Mad Dog McPhie

Personal information
- Born: Stewart McPhie 19 October 1971 (age 54) Corby, Northamptonshire, England

Professional wrestling career
- Ring name: Mad Dog McPhie
- Billed height: 6 ft 3 in (1.91 m)
- Billed weight: 269 lb (122 kg)
- Billed from: Corby, Northants
- Trained by: Justin Richards, NWA UK Hammerlock
- Debut: 1993

= Mad Dog McPhie =

British professional wrestler

Mad Dog McPhie (born Stewart McPhie on 19 October 1971) is an English professional wrestler. He has worked on the United Kingdom's independent circuit.

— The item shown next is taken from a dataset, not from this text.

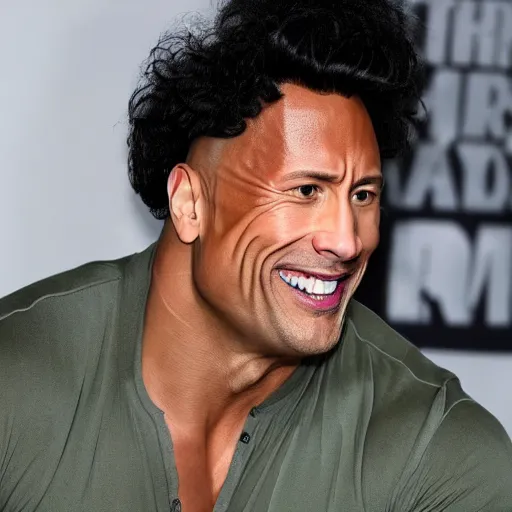 Prompt: dwayne johnson with a curly green wig, twirling his hair and laughing hysterically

==Professional wrestling career==
McPhie was trained as a professional wrestling at Hammerlock Wrestling in Sittingbourne, Kent under trainers Justin Richards, Alex Shane, Dino Scarlo, and Hammerlock's owner Andre "The Hammer" Baker. McPhie competed against many of Hammerlock's wrestlers like "The Phoenix" Jody Fleisch, Paul Ashe, Solid Gold, and Scott Parker. In addition, he teamed with "The Anarchist" Doug Williams against Gary Steele and Jake "The Snake" Roberts on 25 April 1998.

After a short time, McPhie moved on to compete in the independent wrestling scene and competed for the National Wrestling Alliance (NWA) in singles matches against the UK Pitbulls. He also worked for the Catch Wrestling Association before settling with the Ultimate Wrestling Alliance (UWA).

McPhie was a regular rival of Phil Powers and was managed by Steve Lynskey while in the UWA. At British Resurrection, McPhie had a match against Phil Powers. He also had matches with Tom Monroe and Kerry Cabrero, as well as a tag team match with partner Jonny Storm against Phil Powers and Paul Sloane. At Pain on Pleasure Beach, McPhie wrestled Phil Blend and Joe Young. At Vengeance is Mine, he faced Leon Murphy and Jodie Fleisch.

He then returned to the independent scene until July 2002 when on a show for Catch Wrestling Association in Germany, McPhie injured his ACL.